God has been instructing me in the virtue of humility for a long time.
Humility has not always been my strong point.
And yet, it is humility that is at the centre of the Gospels, at the centre of the Christian faith. It is a lack of humility that led to death and disorder, and it is a humble submission to our Creator that can restore the proper order of the universe.
It is humility that conquers death; humility that brings everlasting life.
And, well, for a very long time I prided myself on being right. On being smart. On being exceptional.
So humility wasn't a natural inclination of mine.
Which is why I think that these past five years of my Ph.D. have been really, really funny.
And here's why....
When my now-husband and I were brand new Christians, we spent a fair bit of time exploring different churches, looking for something that was the right fit for us.
And to be completely honest, it was mostly me driving this search.

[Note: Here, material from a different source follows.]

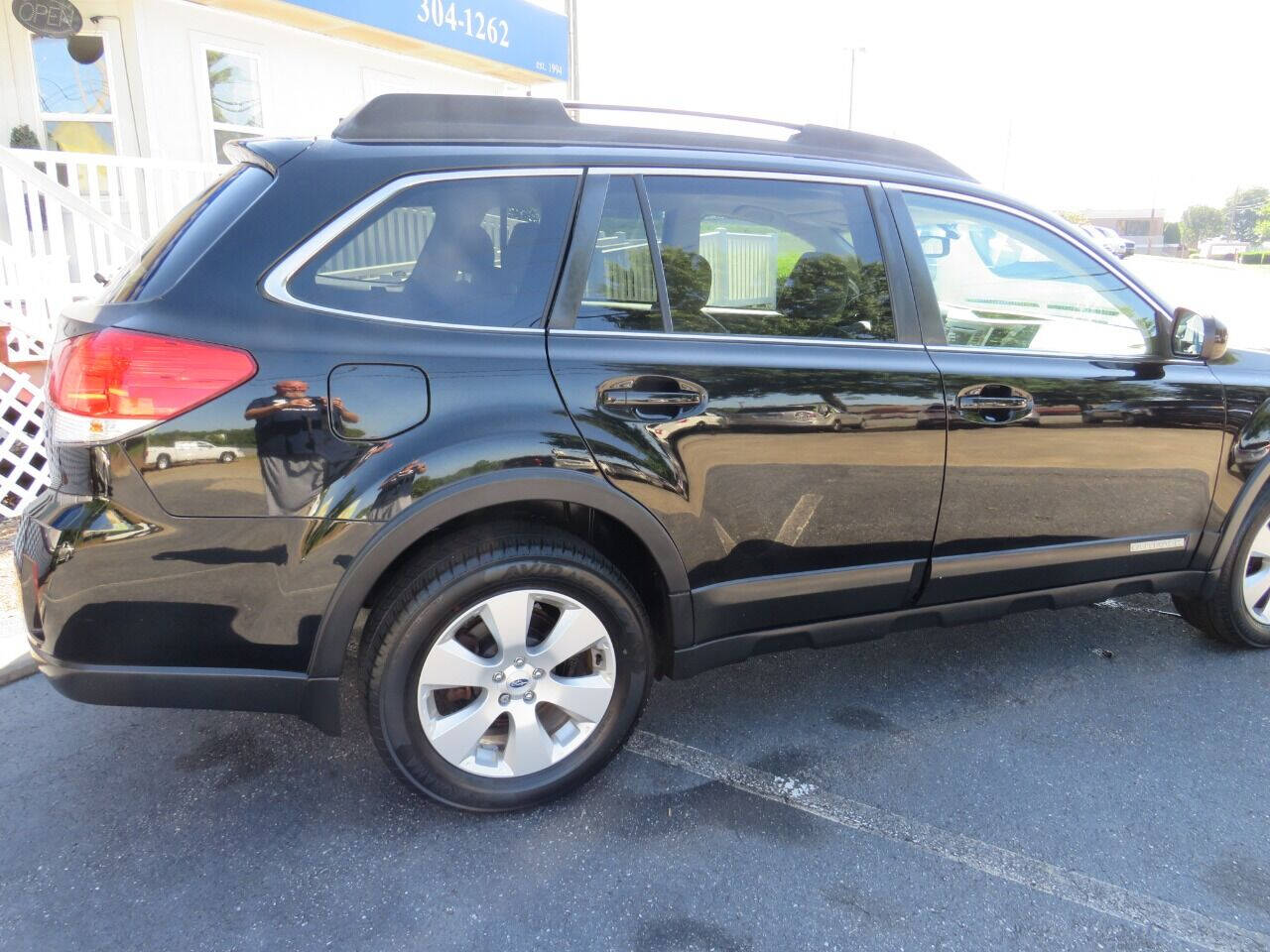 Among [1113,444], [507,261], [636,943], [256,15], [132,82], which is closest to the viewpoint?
[636,943]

I bet that he would have be completely satisfied just about anywhere.
But not me. Oh no. I needed someplace smart. I needed to be where the intellectuals were, who were discussing intellectual things like the rational grounds of Church doctrine, the historicity of the Bible, and other things that hyper-intellectuals occupy themselves with.
I remember encountering quite a few churches where the sermon was something nice about Jesus and love, and then at the end we were instructed to go help others.
"Yeah, yeah," said the voice in my head. "Jesus loves you. Feed the poor. Blah blah blah."
I was above that. Or so I thought.
God had other plans...
Be completely humble and gentle; be patient, bearing with one another in love. - Ephesians 4:2
Do nothing out of selfish ambition or vain conceit. Rather, in humility value others above yourselves. - Phillipians 2:3
When pride comes, then comes disgrace, but with humility comes wisdom. - Proverbs 11:2
Live in harmony with one another. Do not be proud, but be willing to associate with people of low position. Do not be conceited. - Romans 12:16
Humble yourselves before the Lord, and he will lift you up. - James 4:10
Enter: the Ph.D.
Four years (really, six years) of intensive study, of reading the lastest work on the latest topic, of writing super intellectual things that are supposed to be insightful, logically consistent, and novel.
Three full years devoted to writing a MONSTER of a dissertation: 300 pages of original research.
Countless hours upon HOURS of my life.
Becoming familiar with the entire corpus of C.S. Lewis (or, at least, his philosophy, theology, and fiction).
And do you know what my conclusion of all this intensive study is?
After multiple drafts of this 300 page monster, after consulting secondary sources and reading about C.S. Lewis on the doctrine of the atonement, Lewis' theological anthropology, on the medieval cosmology that underlies the Narnia series....
Jesus loves you. Go help others.
Why, oh why, can't I submit those two simple sentences and be done with it?
So yes, I've learned my lesson. (I hope.)
After examining the historicity of the Gospels, reading and writing about the Rabbinic oral traditional and the reliability of the Gospels, learning the ins and outs of the classical Western doctrine of the Atonement, about the subjective v. the objective theory of the Atonement, about ontological Christlogy, and on, and on...
Jesus loves you. Go help others.
Of course, this doesn't devalue any of the work that I've done. It doesn't devalue the scholarship on the historicity of the Gospels and other academic topics.
I think that these things are absolutely crucial to a strong faith grounded in reason.
Always be ready to give a defense to everyone who asks you a reason for the hope that is in you. - 1 Peter 3:15
But it took me these 5+ years of my life and countless hours of study to come to the point where I can say, "Jesus loves you. Go help others", and really see the value and the truth in those words.
So.... Well played, God. Well played.